Locomotion is a necessary part of digestion in tortoises, just like a horse. They need room to roam in their enclosure. The more room the better. 2x4' is too small for an adult. 4x8' should be the minimum, but the tortoise won't drop dead if you can only do a 3x6' table.

You have good questions. Feel free to ask more.


----------



## Wolfpackin (Jan 29, 2019)

TechnoCheese said:


> Reptisun 10.0 in a T8 should be 10-12 inches away, if I’m not mistaken. 4-6 inches is much too close.



I'm not recommending that any animal should be 4" inches away from any type of UV, light or heat source but...

I get readings of UVI 1.0-1.5, using a Solarmeter 6.5, on a Reptisun 10.0 T8 at 10-12 inches. And that's directly below the center of the tube, as the meter moves away from the tube the UVI readings drop quickly.

For my tortoise, using the Sunbeam Method as described by F. Baines, I try to get UVI 2.5-3.0+ at two different basking spot areas in my enclosure. 
If you are covering the majority of the enclosure with UVI 1.0-1.5 that might be acceptable using the Shade Method in conjunction with the Ferguson Zone of your pet.

Unfortunately the only way to know for sure if you have the correct bulb and distance is to buy an expensive meter.

Here are some links that helped me do the guessing game before I broke down and purchased a Solarmeter 6.5.

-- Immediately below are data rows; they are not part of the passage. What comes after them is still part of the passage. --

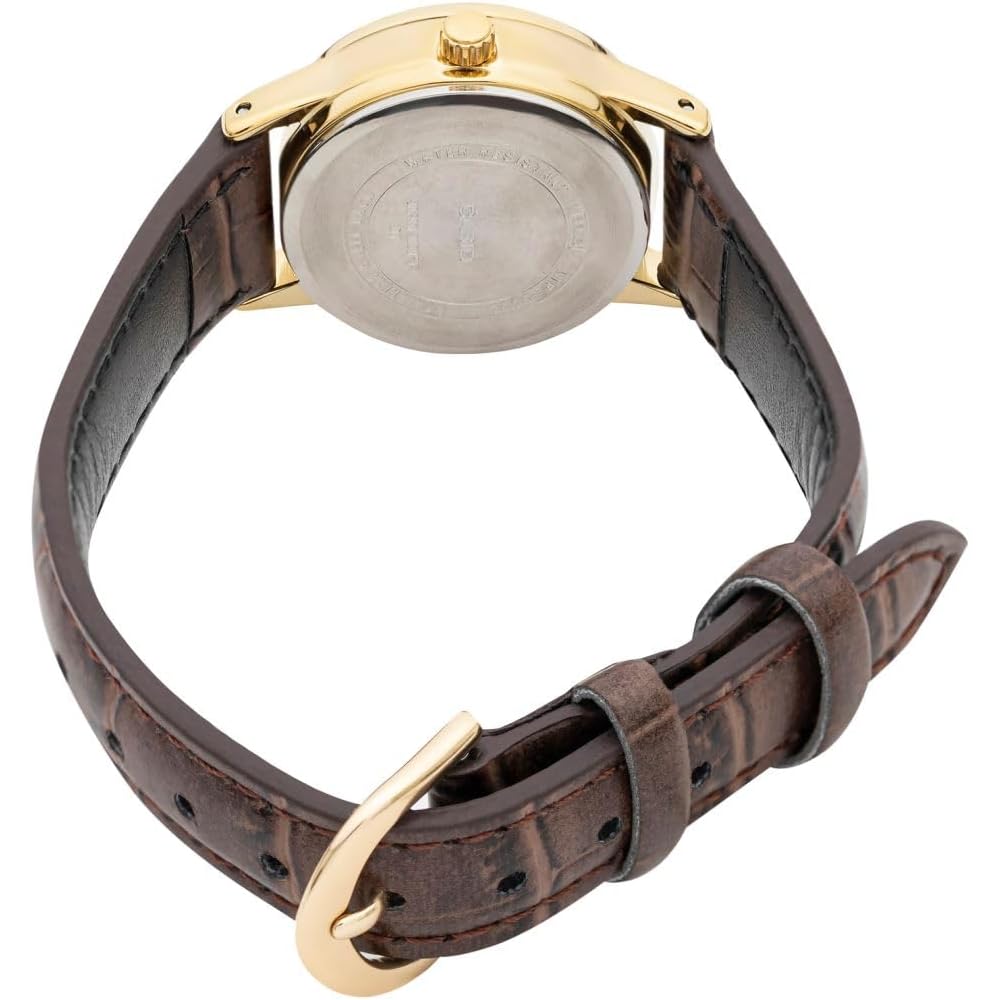 Casio LTP-V002GL-1B Women's Gold Tone Leather Band Easy Reader Dial Date Watch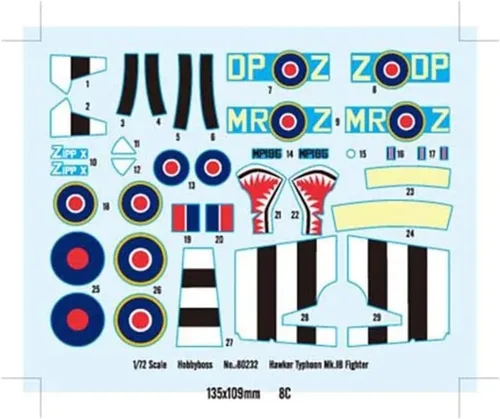 Vista 3 de Hobby Boss Hawker Typhoon Mk.IB Kit de construcción de modelo de avión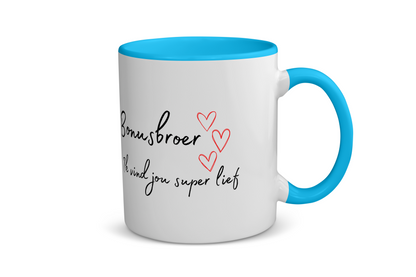 bonusbroer ik vind jou super lief Koffiemok - Theemok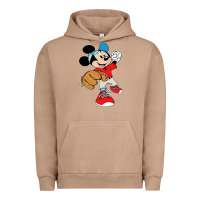 Pigment Burro micky-playing-baseball-cartoon-illustration-- Urban Hoodie - PixelFlow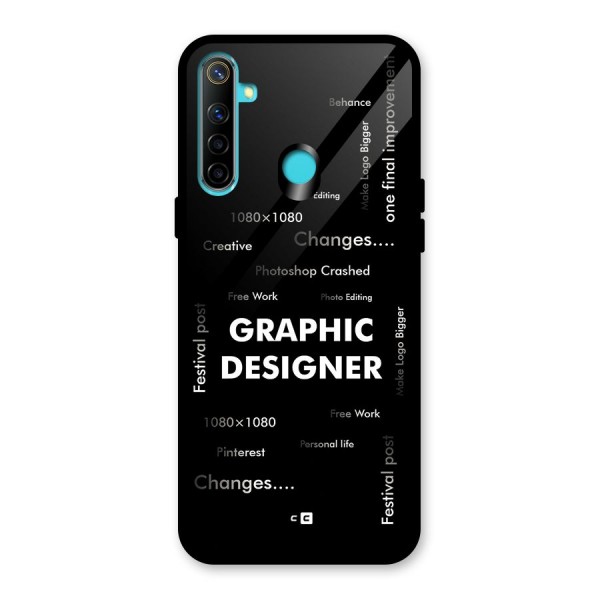 Graphic Designer Struggles Glass Back Case for Realme 5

http://www.uvguide.co.uk/index.htm

https://www.researchgate.net/public..._Research_41_42_-_63_httpwwwjzarorgjzararticl

http://www.reptilesmagazine.com/An-In-Depth-Look-At-UV-Light-And-Its-Proper-Use-With-Reptiles/

I hope that helps.


----------



## NicJ (Jan 30, 2019)

Tom said:


> A regular 10.0 rube needs to be about 10" away for the tortoise to get any UV benefit. If you want to leave it that high, just use a calcium supplement with D3 in it.
> 
> Live plants will be trampled or eaten unless they are in pots.
> 
> ...



His UV bulb is pretty close to him. I was aware that UV levels drop significantly with distance. The tube is mounted under the leading edge of the enclosure. So depending on where he is standing he could be within 4 inches of the bulb.

I am kinda planning on him trampling and eating the plants... hope it will be fun for him. 

I do sprinkle calcium on his food a couple times a week and vitamins about once a month.


I don't like the sounds of the expensive UV light meter... It's too bad pet stores don't offer a loan program like auto part stores do.

Nic


----------